Corrupção e ineficiência desiludem paulistanos

"Tenho grande aversão a Lula, porque simplesmente deu continuidade ao que já estava sendo feito", rejeita Eduardo Coen, de 35 anos, que há 5 saiu de uma multinacional para criar uma microempresa de venda de artigos para festas pela internet. "É um governo de desinformação, de projetos populistas, muito levado na brincadeira", diz Eduardo, formado em biologia. "Ele ficou com fama grande no exterior, não entendo como. É "o cara", só não se sabe do quê. Deu uma sorte danada." A proximidade de Lula com os presidentes da Venezuela, Hugo Chávez, e do Irã, Mahmoud Ahmadinejad, perturba Eduardo. "Ele não sabe o que está fazendo, é muito mal assessorado."

, O Estado de S.Paulo

30 de maio de 2010 | 00h00

O empresário conta que a crise do ano passado afetou os negócios, mas em dezembro seus efeitos estavam superados. Nem a condução da política econômica pelo governo Lula, porém, o entusiasma. "Fernando Henrique teve o mérito de ter estabilizado a economia. Ele arrumou a casa e o Lula pegou a coisa pronta." Eduardo votou em FHC e Serra; teria votado em Geraldo Alckmin, se não estivesse viajando. "Agora, estou numa complicação, porque não enxergo mais o PSDB como antes. Ainda acho que é mais sério do que o PT. Mas também mantém um nível alto de corrupção. Pretendo votar em Serra por eliminação. Não é um voto feliz."
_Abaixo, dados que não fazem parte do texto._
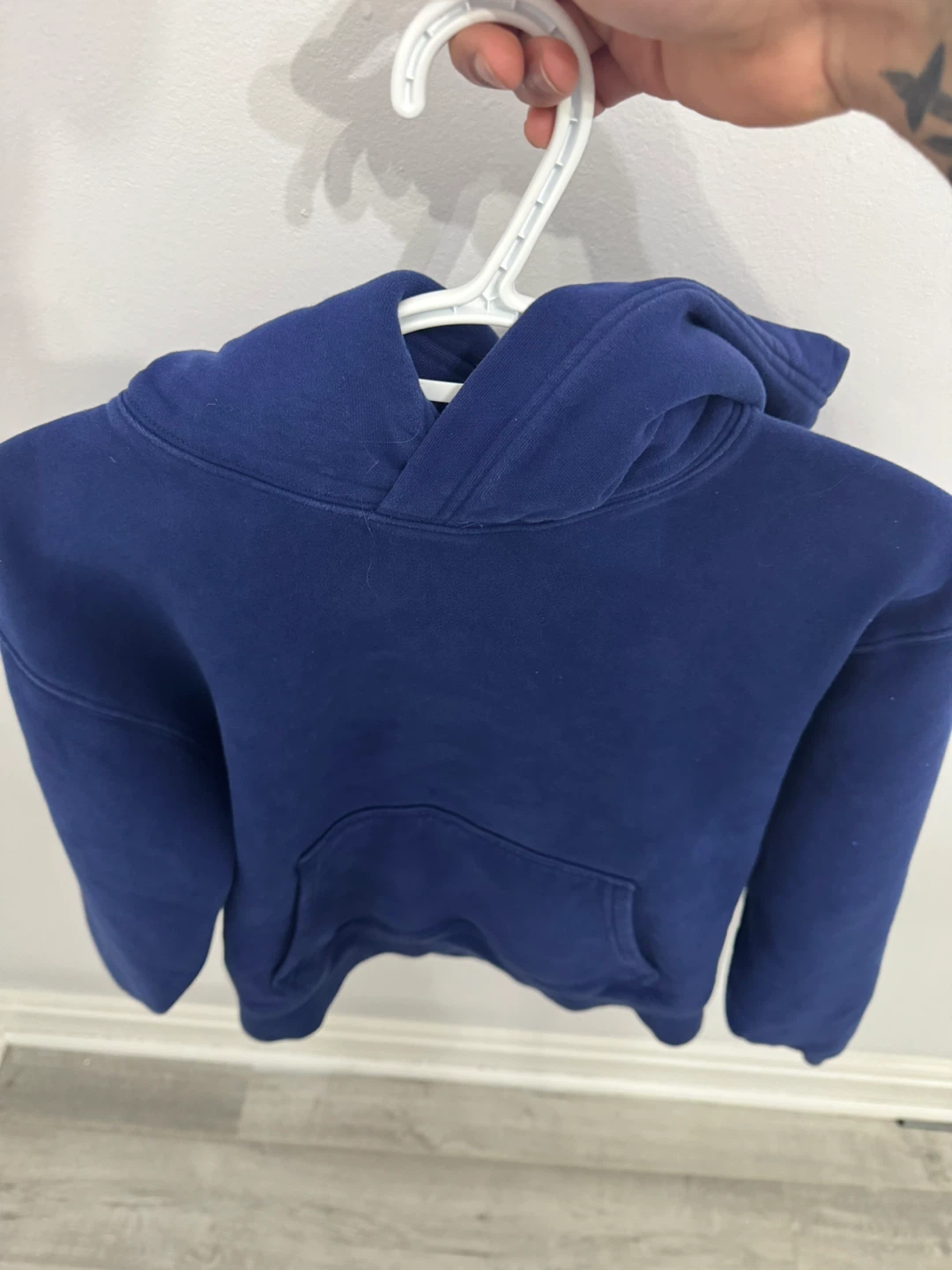 Aritzia Sweatfleece Hoodie - Navy Blue - Size M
Eduardo acha "uma piada" a expansão do metrô de São Paulo, um dos destaques da gestão Serra. "Para resolver o problema do trânsito, teria que ser uma obra muito maior." Ele lembra também o acidente na obra da Estação Pinheiros, em 2007. Para Eduardo, "o PSDB procura dar uma aparência de eficiência e honestidade de gestão, mas é falso". Eduardo conclui: "Eu me desapontei com a política."
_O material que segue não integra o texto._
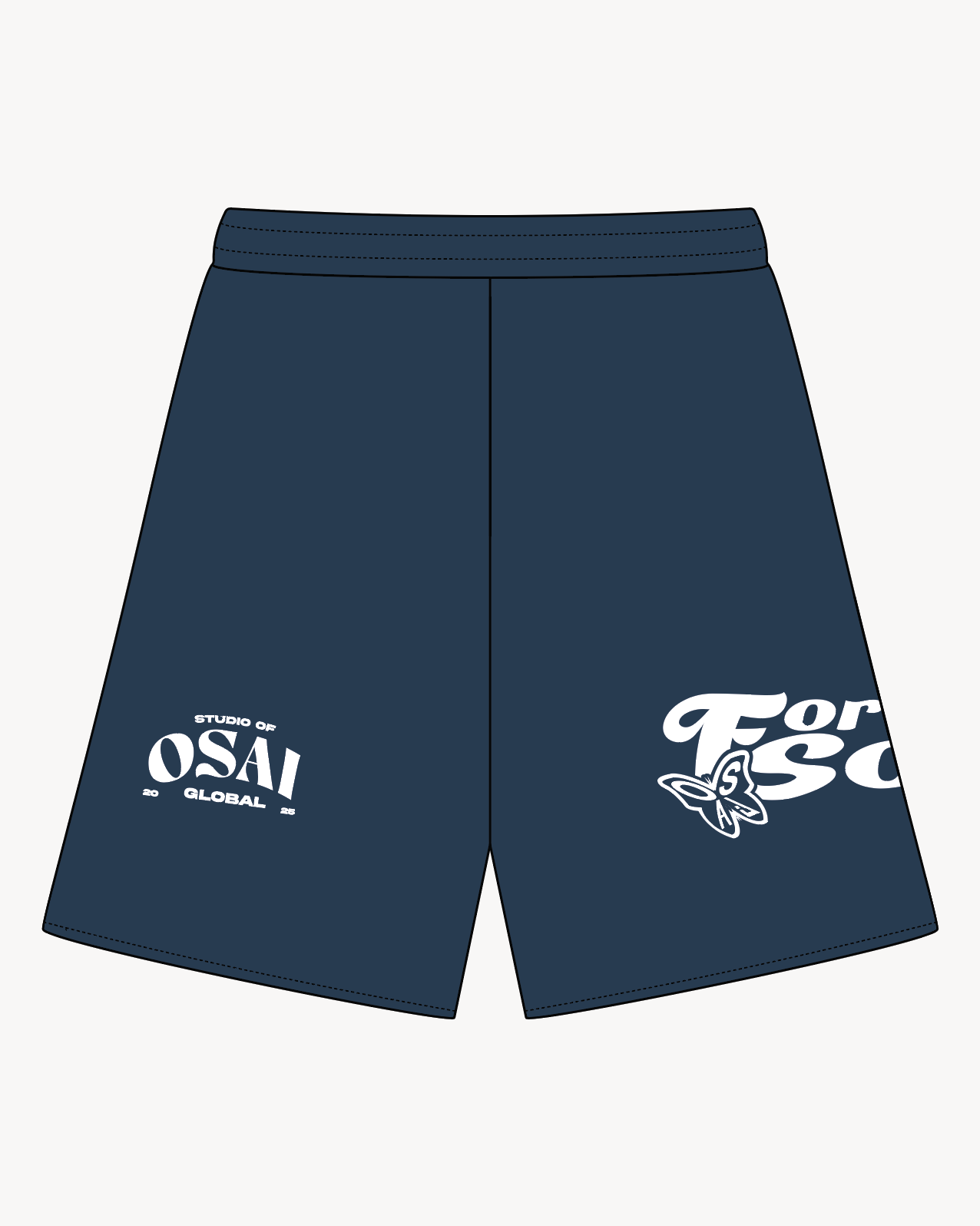 Butterfly Sweatshorts (Lazurite) - Osai Studios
Trabalhando com marketing em multinacionais de eletroeletrônicos há 10 anos, Graziela Carmezini, de 30, é testemunha da explosão de consumo das classes mais baixas sob o governo Lula, graças, sobretudo, à facilidade de crédito. Mas não se empolga. "Nunca votei nem votaria no PT", descarta Graziela, que fez publicidade e MBA em marketing. "Acho que Lula tentou continuar o governo Fernando Henrique, que é "o cara", é quem trabalhou com a inflação." Para ela, a gestão Lula "foi um governo de consumidor". Graziela admite: "Para quem trabalha com isso, é muito bom. Mas, mesmo querendo vender, penso além. Os impostos e os juros são altos. O consumidor é enganado pelo crediário."
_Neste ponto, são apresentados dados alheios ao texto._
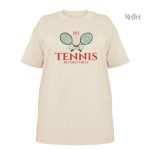 T Shirt Vintage Femme Tennis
Ela não concorda com o Bolsa Família: "Esses recursos deveriam ser investidos na educação." Graziela gostaria de votar em Marina, mas prefere um candidato capaz de derrotar Dilma. "Vou votar no Serra, mas não considero que ninguém seja bom. Governos são muito corruptos. Não acredito que tenha político confiável."